The drawings show an embodiment of the present invention. FIG. 1 is a side view of a front portion of an automobile, and FIG. 2 is a sectional view taken along line II-II of FIG. 1 ... Body frame, 2 ... Front wheel, 3 ... Differential gear mechanism, 4 ... Drive shaft, 5 ... Engine, 6 ... Crank shaft, 7 ... Cylinder bore, 8 ... Cylinder bore axis, 9 , 18 ... vertical line, 10 ... running mission mechanism, 11 ...
… Input shaft, 12 …… output shaft, 13 …… flywheel, 14…
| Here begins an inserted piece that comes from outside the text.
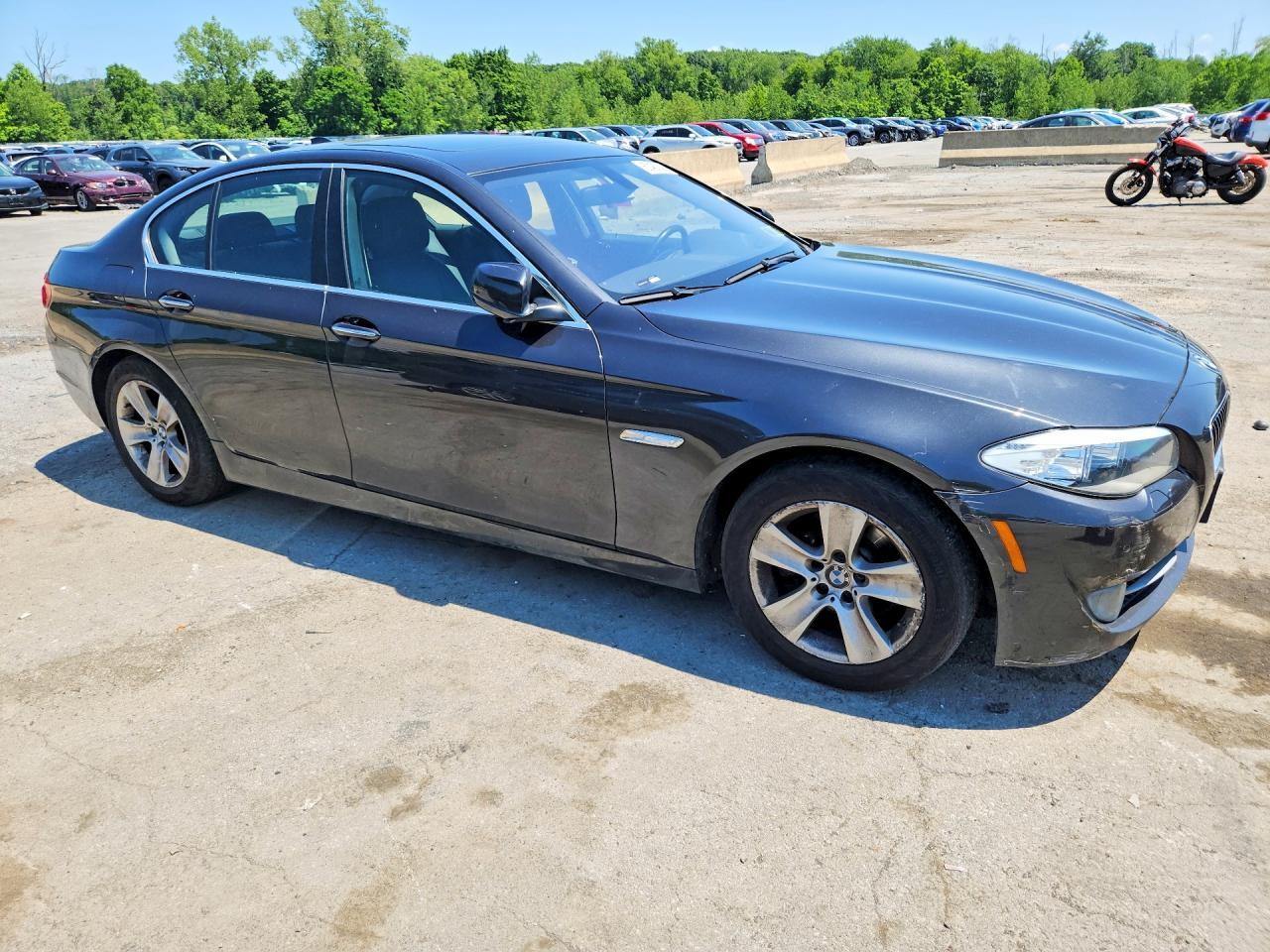 2013 BMW 528 Xi - Image 4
… Silent chain, 15… Clutch mechanism, 16… Pinion gear, 17… Final driven gear.

Claims (1)

(57) [Claims] 1. An in-line multi-cylinder engine (5) mounted in an engine room at the front of an automobile, and an input shaft (11) and an output to which power is transmitted from one end of a crank shaft (6) of the engine (5). A traveling mission mechanism (10) having a shaft (12) and power from an output shaft (12) of the traveling mission mechanism (10) are transmitted to a drive shaft (4) to both left and right front wheels (2). A power unit device comprising a differential gear mechanism (3), wherein the engine (5) is located at a position on the front side of the differential gear mechanism (3), and the crankshaft ( The axis of 6) is a lateral direction substantially perpendicular to the traveling direction of the automobile, and the axis (8) of the cylinder bore (7) in each cylinder is the crankshaft (6) when viewed from the direction of the axis of the crankshaft (6). Axis of The traveling mission mechanism (10) is mounted so as to be inclined forward with respect to a vertical plane including the same, and the traveling mission mechanism (10) is located at a position rearward of the engine (5) and higher than the differential gear mechanism (3). The input shaft (11) and the output shaft (12) in the traveling mission mechanism (10) as viewed from the direction of the crankshaft (6) and the drive shaft (4) and the vertical line passing through the axis of the crankshaft (6). ), The input shaft (11) is located in the upper part, the output shaft (12) is located in the lower part, and
A power unit device for an automobile, wherein the input shaft (11) and the output shaft (12) are arranged so as to be substantially parallel to the crank shaft (6).